C’est maintenant fait. Même en Allemagne, il y a désormais deux droites. Alors que le tabou hérité du nazisme y est pourtant si fort, l’alliance scellée en Thuringe entre l’Afd, les Libéraux et une partie de la démocratie-chrétienne a donné à voir l’existence d’une droite qui accepte un rapprochement avec l’extrême-droite alors même que Mme Merkel et l’état-major de la CDU le jugent inacceptable.

Pour l’heure, c’est cette seconde droite qui l’a emporté. On revotera en Thuringe mais comment ne pas voir que la chancelière est partante, que la ministre dont elle avait fait son successeur a dû démissionner faute d’avoir pu contrôler la situation et que le débat ne fait que s’ouvrir ?

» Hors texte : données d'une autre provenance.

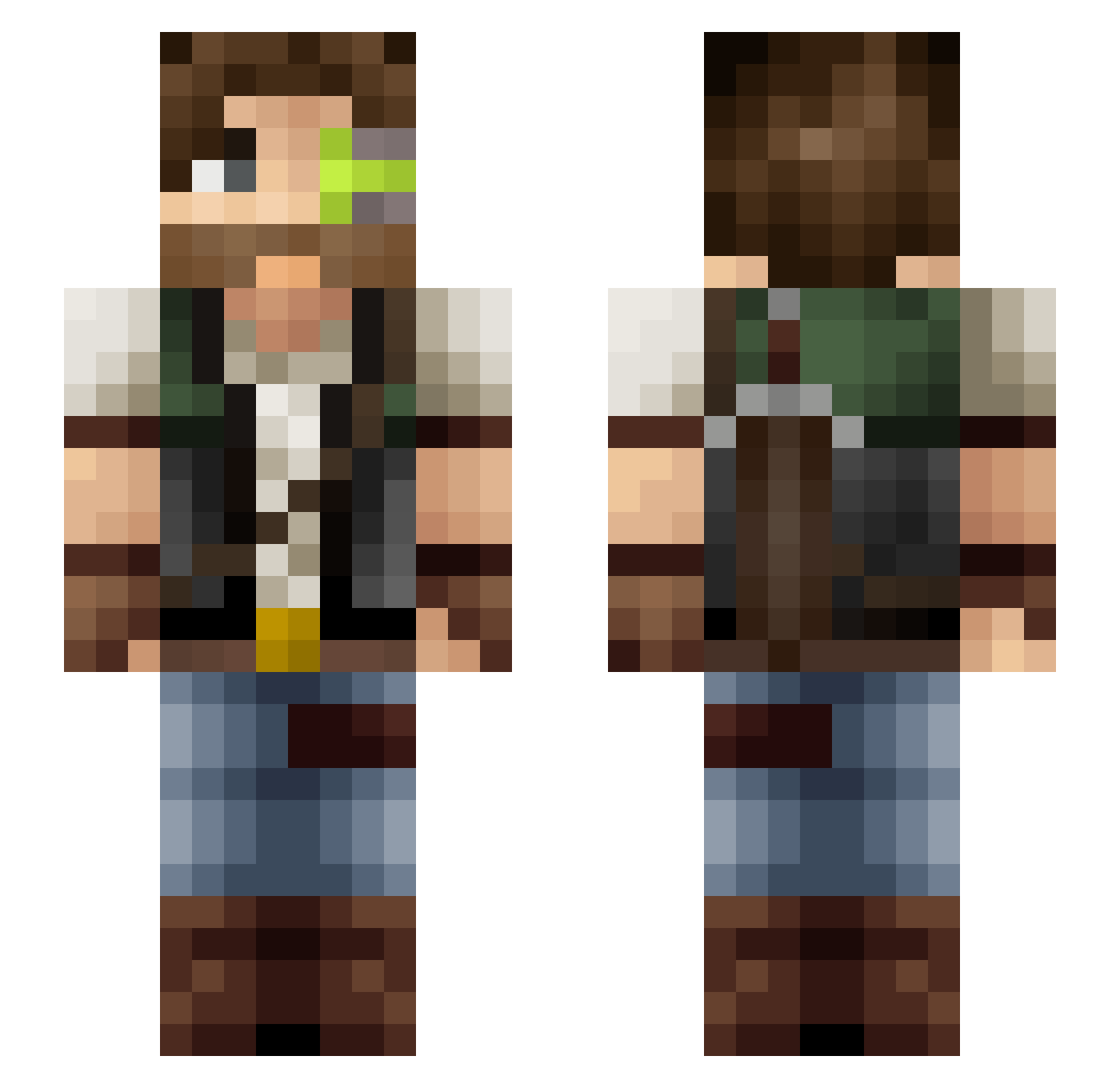 PedroMRP Minecraft skin, front and back view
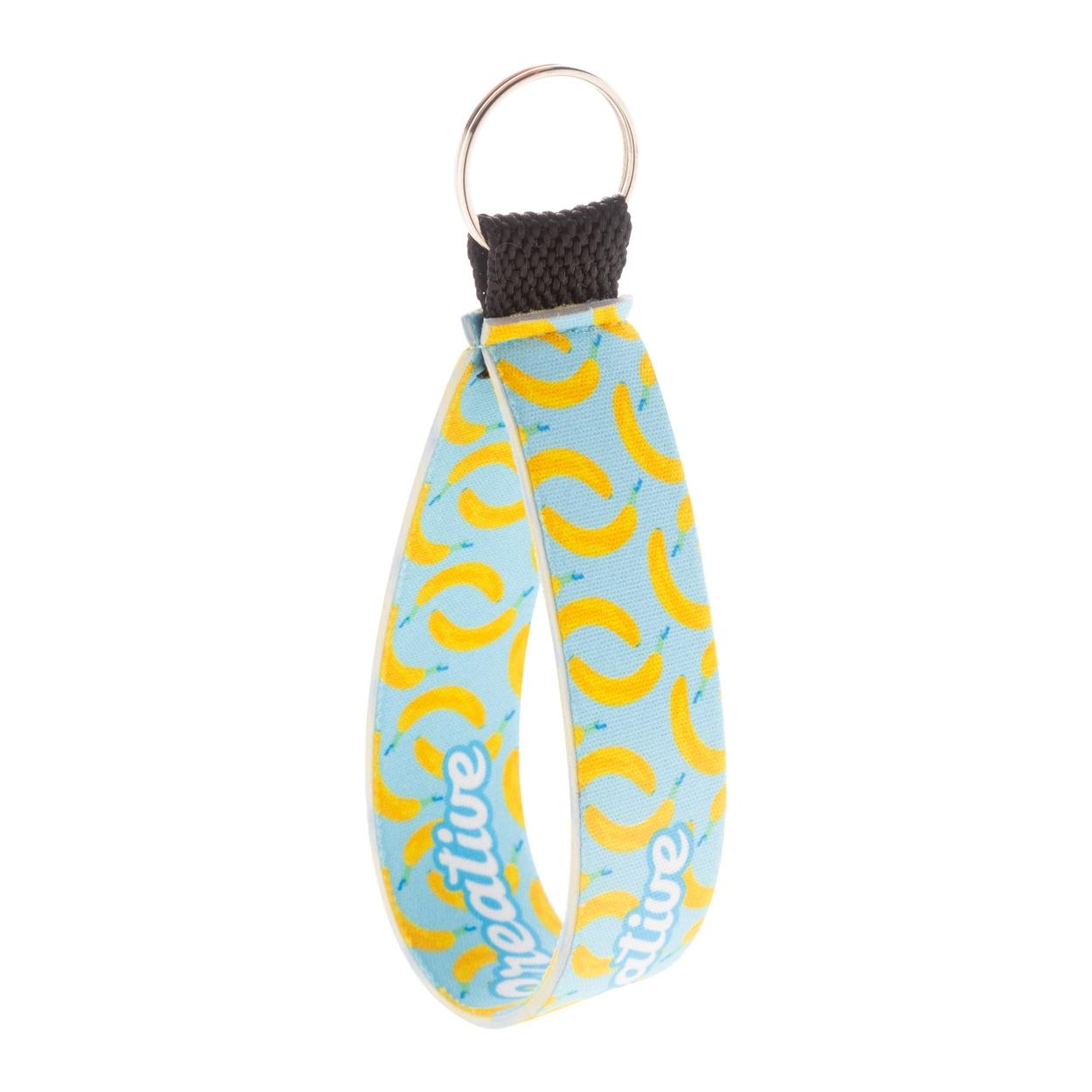 Breloc personalizat, RPET Strappy Alb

En Allemagne comme dans toute l’Europe et une grande partie du monde, un large pan de la droite bascule à l’extrême-droite ou devient l’extrême-droite et toute la donne politique de l’après-guerre en est bouleversée.

Marginalisé depuis la défaite nazie, le nationalisme opère un retour en force. Haine de l’autre qui n’a rien à voir avec cet amour de la patrie qu’est le patriotisme, il redessine désormais les échiquiers politiques et prend le pas sur les idées de multilatéralisme et de concertation internationale. Comme avant la Deuxième guerre mondiale, la force compte plus que la loi et l’on voit aussi bien M. Poutine procéder à une annexion territoriale en Europe, du jamais vu depuis 75 ans ; M. Xi installer des bases sur des îles contestées de la mer du Chine du Sud et M. Trump décider que des territoires occupés ne sont plus palestiniens mais israéliens.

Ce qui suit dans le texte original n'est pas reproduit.